* [Instructions to follow] The answer must consist of every line in the records below that contains the string "Bottle".

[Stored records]
== Segment start ==

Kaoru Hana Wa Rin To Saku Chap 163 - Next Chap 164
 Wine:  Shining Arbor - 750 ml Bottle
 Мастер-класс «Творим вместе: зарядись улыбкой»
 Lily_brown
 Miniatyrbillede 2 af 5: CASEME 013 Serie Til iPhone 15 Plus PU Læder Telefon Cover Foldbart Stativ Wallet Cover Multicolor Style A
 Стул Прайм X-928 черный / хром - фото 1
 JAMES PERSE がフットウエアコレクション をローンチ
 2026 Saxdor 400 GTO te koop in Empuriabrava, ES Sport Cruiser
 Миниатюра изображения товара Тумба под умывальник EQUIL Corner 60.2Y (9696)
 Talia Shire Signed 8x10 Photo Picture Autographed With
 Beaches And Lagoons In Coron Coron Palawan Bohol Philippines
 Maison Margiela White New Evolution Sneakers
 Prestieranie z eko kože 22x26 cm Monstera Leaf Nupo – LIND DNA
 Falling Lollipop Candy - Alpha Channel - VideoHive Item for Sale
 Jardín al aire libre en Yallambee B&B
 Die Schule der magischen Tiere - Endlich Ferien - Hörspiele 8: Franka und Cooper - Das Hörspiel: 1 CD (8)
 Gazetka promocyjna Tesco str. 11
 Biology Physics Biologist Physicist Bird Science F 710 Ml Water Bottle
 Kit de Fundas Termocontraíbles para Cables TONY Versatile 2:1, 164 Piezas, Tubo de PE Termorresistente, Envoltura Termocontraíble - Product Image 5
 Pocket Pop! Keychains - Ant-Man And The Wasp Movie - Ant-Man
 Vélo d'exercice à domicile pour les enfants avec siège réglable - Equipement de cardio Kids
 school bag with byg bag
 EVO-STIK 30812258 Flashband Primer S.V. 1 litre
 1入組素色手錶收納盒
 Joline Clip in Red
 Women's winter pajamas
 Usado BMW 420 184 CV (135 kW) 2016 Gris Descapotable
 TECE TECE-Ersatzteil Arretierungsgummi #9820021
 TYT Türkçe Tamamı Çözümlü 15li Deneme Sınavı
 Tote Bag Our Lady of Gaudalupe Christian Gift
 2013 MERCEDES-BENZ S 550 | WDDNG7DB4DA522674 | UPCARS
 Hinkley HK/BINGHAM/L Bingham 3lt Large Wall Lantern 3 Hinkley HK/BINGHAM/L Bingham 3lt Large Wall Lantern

== Segment end ==

* [Task response]
 Wine:  Shining Arbor - 750 ml Bottle
 Biology Physics Biologist Physicist Bird Science F 710 Ml Water Bottle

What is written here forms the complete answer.